Owen was going out that night with an Egyptian friend of his, Mahmoud el Zaki. Mahmoud was in the Parquet, the Department of Prosecutions of the Ministry of Justice. The Egyptian legal system was not like the English. It was based more on the French system. When a crime was reported in Egypt it was at once taken over not by the police but by the Parquet, who then took the case and saw it through to prosecution in court. The Parquet was full of bright young Egyptians intensely ambitious not just for a successful legal career but usually also for a political one. They were, therefore, continually at loggerheads with the British administration, which liked to keep the governance of the country to itself. Owen and Mahmoud disagreed violently about this, Mahmoud tending to the view that governing Egypt was a thing for Egyptians and not for the British. Nevertheless, politics aside, the two of them got on very well. And their concord had recently been reinforced by Mahmoud’s wife, Aisha, having a third baby. Till now, Owen and Zeinab had none. It was too complicated, they felt. He was British and she was Egyptian; he was a senior member of the British Administration and she the daughter of a Pasha still active in politics. Nevertheless, a baby had thrust itself on to the international stage, albeit at a humble level, and both Mahmoud and Aisha were killing themselves with laughte
r at the way in which their friends’ lives had been turned upside down.
Aisha and Mahmoud had not yet seen the new baby and, as babies were more readily transportable than three small children, they were on this occasion the hosts.
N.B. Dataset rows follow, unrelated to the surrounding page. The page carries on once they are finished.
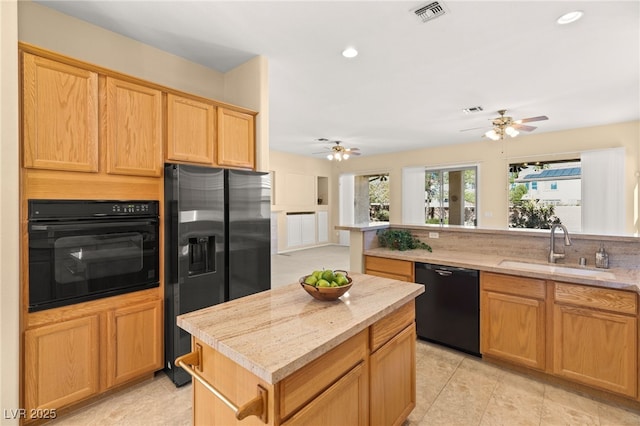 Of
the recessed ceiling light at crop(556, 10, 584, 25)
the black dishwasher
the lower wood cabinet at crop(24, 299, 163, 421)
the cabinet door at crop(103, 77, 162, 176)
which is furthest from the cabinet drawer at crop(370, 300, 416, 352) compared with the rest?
the recessed ceiling light at crop(556, 10, 584, 25)

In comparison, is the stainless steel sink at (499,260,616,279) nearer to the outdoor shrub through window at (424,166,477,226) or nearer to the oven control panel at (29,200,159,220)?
the oven control panel at (29,200,159,220)

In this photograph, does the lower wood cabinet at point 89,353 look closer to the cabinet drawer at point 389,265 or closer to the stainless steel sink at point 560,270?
the cabinet drawer at point 389,265

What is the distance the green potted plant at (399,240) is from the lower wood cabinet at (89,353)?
2.30 meters

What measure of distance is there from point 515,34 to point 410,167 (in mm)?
5402

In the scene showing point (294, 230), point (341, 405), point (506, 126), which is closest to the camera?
point (341, 405)

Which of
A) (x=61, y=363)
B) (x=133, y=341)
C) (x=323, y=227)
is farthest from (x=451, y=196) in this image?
(x=61, y=363)

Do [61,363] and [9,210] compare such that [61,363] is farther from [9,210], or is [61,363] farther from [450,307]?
[450,307]

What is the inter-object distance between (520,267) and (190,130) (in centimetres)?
300

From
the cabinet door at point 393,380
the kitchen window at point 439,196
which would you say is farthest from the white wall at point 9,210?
the kitchen window at point 439,196

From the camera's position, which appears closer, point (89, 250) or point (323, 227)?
point (89, 250)

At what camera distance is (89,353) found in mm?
1983

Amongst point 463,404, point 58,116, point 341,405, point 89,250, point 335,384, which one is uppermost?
point 58,116

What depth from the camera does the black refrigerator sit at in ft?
7.34

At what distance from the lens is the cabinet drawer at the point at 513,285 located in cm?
231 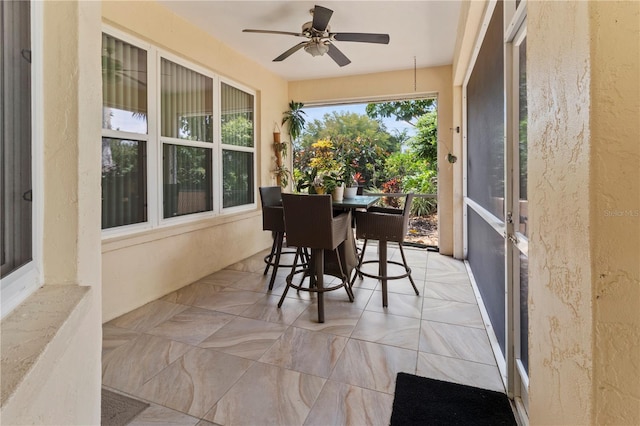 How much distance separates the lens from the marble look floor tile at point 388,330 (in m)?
2.18

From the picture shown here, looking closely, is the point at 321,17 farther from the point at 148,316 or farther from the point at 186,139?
the point at 148,316

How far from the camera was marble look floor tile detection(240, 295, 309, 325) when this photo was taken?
8.29ft

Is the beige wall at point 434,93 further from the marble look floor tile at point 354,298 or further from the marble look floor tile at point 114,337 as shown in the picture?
the marble look floor tile at point 114,337

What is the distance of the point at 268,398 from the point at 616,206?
66.2 inches

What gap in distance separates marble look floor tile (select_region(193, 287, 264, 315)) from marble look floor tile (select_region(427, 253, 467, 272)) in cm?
229

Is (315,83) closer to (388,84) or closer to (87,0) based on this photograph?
(388,84)

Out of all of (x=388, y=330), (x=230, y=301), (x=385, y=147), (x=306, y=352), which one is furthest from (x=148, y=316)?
(x=385, y=147)

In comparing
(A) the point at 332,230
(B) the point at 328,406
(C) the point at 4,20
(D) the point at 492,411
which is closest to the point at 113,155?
(A) the point at 332,230

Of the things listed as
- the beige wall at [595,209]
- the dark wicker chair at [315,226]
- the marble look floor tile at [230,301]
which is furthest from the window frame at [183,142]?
the beige wall at [595,209]

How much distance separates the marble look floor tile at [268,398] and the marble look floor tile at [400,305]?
1086 mm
They went outside at once into Mahmoud’s small garden, beneath the orange trees and banana trees. Egyptian gardens were built for shade rather than flowers.
The meal was a mixture of Egyptian and English, although mostly Egyptian: peanut soup, which Aisha knew Owen particularly liked, stuffed aubergines, roast pigeons, a salad of tomatoes, onions and nasturtium flowers, and finally apricots and rice pudding. They drank iced lemonade rather than wine, since Mahmoud and Aisha were both Muslim, and then there was Turkish coffee.
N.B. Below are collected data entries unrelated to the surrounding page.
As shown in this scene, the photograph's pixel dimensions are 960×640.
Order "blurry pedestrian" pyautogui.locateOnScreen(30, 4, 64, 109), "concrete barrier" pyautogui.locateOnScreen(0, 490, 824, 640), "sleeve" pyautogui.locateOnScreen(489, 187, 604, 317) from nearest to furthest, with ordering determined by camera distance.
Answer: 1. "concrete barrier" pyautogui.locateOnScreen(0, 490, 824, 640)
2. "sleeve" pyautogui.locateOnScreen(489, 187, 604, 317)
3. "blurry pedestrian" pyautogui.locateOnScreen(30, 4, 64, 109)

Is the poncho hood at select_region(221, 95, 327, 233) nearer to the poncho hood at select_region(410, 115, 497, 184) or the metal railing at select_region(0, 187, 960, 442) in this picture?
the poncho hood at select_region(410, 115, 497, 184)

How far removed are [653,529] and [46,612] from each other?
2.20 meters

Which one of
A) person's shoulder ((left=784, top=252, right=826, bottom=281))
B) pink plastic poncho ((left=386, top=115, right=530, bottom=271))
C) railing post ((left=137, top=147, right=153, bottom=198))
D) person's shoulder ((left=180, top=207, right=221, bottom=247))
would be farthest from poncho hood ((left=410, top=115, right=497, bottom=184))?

After that they all went to review the babies.
After agreeing that the babies were each as lovely as the other, Owen and Mahmoud went outside as there was something they particularly wanted to discuss.
‘This Kewfik girl,’ said Mahmoud, ‘you know about her?’
‘The one who has been kidnapped?’
‘That’s the one.’ He looked at Owen curiously. ‘How do you come to know about her? They have been trying to keep it quiet, while negotiations are proceeding.’
‘Not much hope of that. But, in answer to your question, I was approached and asked about it. I was approached by a friend of the Kewfik girl. Apparently her friends in the Khedivial had been putting two and two together and not getting, in their view, very satisfactory answers. Not from the school, nor from the police, nor from the family.’
‘The father has had a stroke and is in hospital.’
‘And an uncle is handling it. Not very skilfully.’
‘He wouldn’t be able to handle a cup of coffee skilfully.’
‘It has been officially reported, I take it? No? Then how?’
‘The girl’s mother is the sister of one of the Khedive’s wives. So the back stairs have been positively humming. Especially as they don’t care for the uncle much. They don’t think he is up to the job.’
‘Of negotiating with the kidnappers? That is my information too.’